This article briefly reflects on developments affecting New Zealand’s status including a recent EC decision.   

1991-2012: New Zealand obtains adequacy under EU’s 1995 Data Protection Directive

The EC issued a formal decision in December 2012 recognising New Zealand’s legal standards as being sufficient for Article 25(2) of European Union (EU) Directive 95/46/EC: that is that New Zealand’s law provides an “adequate level of data protection”. The shorthand often used is that New Zealand has “EU adequacy” or is “an adequate third country”.

Many countries aspire to EU adequacy but few achieve it. Only a tiny handful of countries outside Europe have been found ‘adequate’. Canada has been but Australia has not. No other country in our time zone has adequacy, which is a competitive advantage in a global ‘follow the sun’ data processing model.

The EU tends to have the strictest privacy laws. Accordingly, a finding that New Zealand’s laws are adequate for the EU is equivalent to being certified to a ‘gold standard’. In other words, our laws should also meet similar tests increasingly included in the laws of other countries too.  

New Zealand companies should take advantage of this favourable status in our competitive globalised world. It is a factor that few competitor economies cannot boast and should bolster that most valuable of assets, trust - although this is, of course, only one factor and may not cancel out potential disadvantages such as distance from market, small population or the propensity for the ground to shake beneath us. The advantage will not last forever in its current stark form as there are economies only a few time zones to our west that are actively working towards adequacy.

The favourable 2012 decision by the EC was a significant milestone in efforts made since 1991 by successive New Zealand Governments (and privacy commissioners) to have major trading partners recognise New Zealand as a trustworthy destination for the processing of personal information and thus, to facilitate the free flow of data and support economic activity. The period from 1995 to 2012 was frustratingly protracted but, following multiple assessments, exchanges and a law change, the goal was achieved.

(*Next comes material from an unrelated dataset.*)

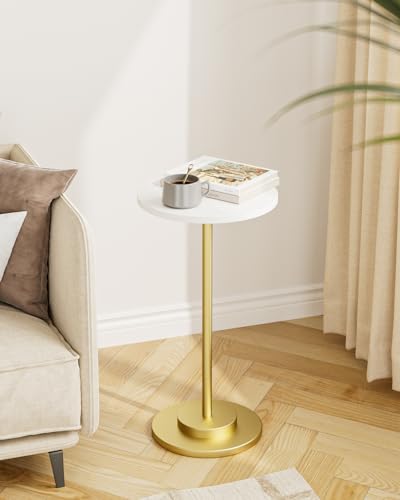 Drink Table Round Side Table for Small Spaces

Following the 2012 decision, the Office of the Privacy Commissioner (OPC), in conjunction with New Zealand Trade and Enterprise, undertook some efforts to highlight the usefulness of the new status to New Zealand exporters.  

It might have been thought that the task of obtaining adequacy is complete. Alas, not so. Ongoing work is needed to maintain the status. More work will eventually be needed to obtain adequacy in additional areas.

The 1995 EU Directive is being replaced by new regulations in 2018

In 2012 the European Commission announced its intention to replace the 1995 Data Protection Directive with a new law. Thus, just as New Zealand was reaching the finishing line in obtaining adequacy, the rules were poised to be changed.

The EC issued its replacement law - known as the General Data Protection Regulation or GDPR - in 2015. It will commence in mid-2018.

One small upside is that New Zealand ‘squeaked in’ just before the EC diverted attention from assessing third country adequacy to law reform. No new adequacy decisions have been issued since 2012. When the EC returns to undertaking assessments, the task will be complicated by needing to have regard to the new GDPR rather than the reasonably well settled standards of the 1995 directive.

One concern held by our Privacy Commissioner during the EU’s process to replace the 1995 law was to ensure that New Zealand’s adequacy decision would be carried into the replacement regime. This was briefly reported on in an earlier blog entry. The adequacy decision will be continued under the GDPR subject to periodic review. The risks, contained in proposals in European Parliament reports, that an expiry date would be attached to the EC decision, or that New Zealand’s adequacy decision would be reviewed because of ‘Five Eyes’ links to the US National Security Agency, did not finally eventuate.

There remains some uncertainty about the whether the standard to gain or maintain adequacy under the GDPR will remain identical to that applying under the 1995 directive or be more stringent. The standards to be applied under the 1995 law were not fully clarified until some considerable time after the law commenced and it remains to be seen if that will be the case under the GDPR as well. The EC published some views on 10 January 2017 in a paper entitled Exchanging and Protecting Personal Data in a Globalised World.

Decision overturning US adequacy decision also affects New Zealand

In October 2015, the Court of Justice of the EU issued a decision in the case of Maximillian Schrems v Data Protection Commissioner. The Schrems case, which has been widely reported, overturned the adequacy decision covering the US Safe Harbour arrangement.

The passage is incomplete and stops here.